2. CitrixBleed 2: a NetScaler that leaks live session tokens

CVE-2026-8451 · Citrix NetScaler ADC and Gateway (SAML IdP role)

A bug in NetScaler's custom SAML XML parser turns into a pre-auth memory overread that spills live session tokens through the NSC_TASS cookie. Replaying one of those cookies bypasses the SAML flow, the password, and the MFA challenge in a single step. Citrix covered it in bulletin CTX696604 on June 30.

Risk read: The base CVSS lands in the high-8 range and gets a normal queue slot, which is the wrong signal. watchTowr shipped a full write-up inside 24 hours, Lupovis honeypots caught probes on July 1, and CrowdSec confirmed broader scanning on July 2, which lifts this to the top exploitation tier. The exposure is that a leaked token is a working session no MFA can revoke on its own, so any secret that passed through the appliance since its last restart is potentially in the memory an attacker can pull. Patch to the fixed 14.1 or 13.1 build, then hunt and rotate. If you cannot patch inside the day, disable the SAML IdP role.

Read the full breakdown →

3. Gitea Docker: one header hands over full admin

CVE-2026-20896 · Gitea (official Docker image)

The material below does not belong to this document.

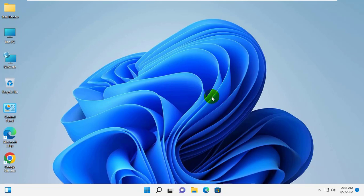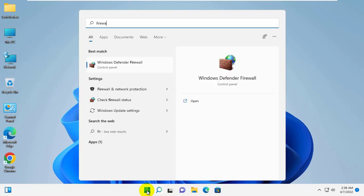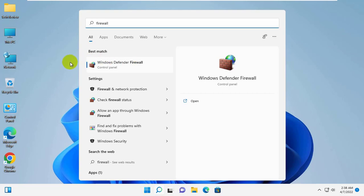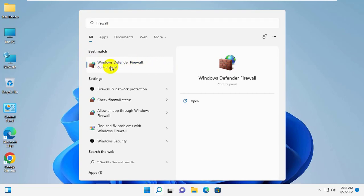To turn off Windows Firewall, click on the Start menu, type Firewall. After appearing the Windows Defender Firewall, click on it.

The official Gitea Docker image ships with a wildcard REVERSE_PROXY_TRUSTED_PROXIES default that declares the entire internet a trusted proxy. So any source IP can attach an X-WEBAUTH-USER header, name any account, and be believed. A single curl with the header set to admin reads every private repository. NVD scores it CVSS 9.8.

Risk read: The header-parsing code is doing what it was told; the vulnerability is a deployment default that trusts everyone. Sysdig caught the first live probe from a ProtonVPN exit on July 7, testing the header and logging responses, consistent with an operator still building a target list. Roughly 6,200 instances are exposed. The exposure that raises this above a normal auth bypass is what admin on a source-hosting box buys next: admin on Gitea is the first link in a supply-chain chain when the target ships software. Pin 1.26.4, not 1.26.3, which shipped with a regression, then review the admin audit log for user and token creations no one owns.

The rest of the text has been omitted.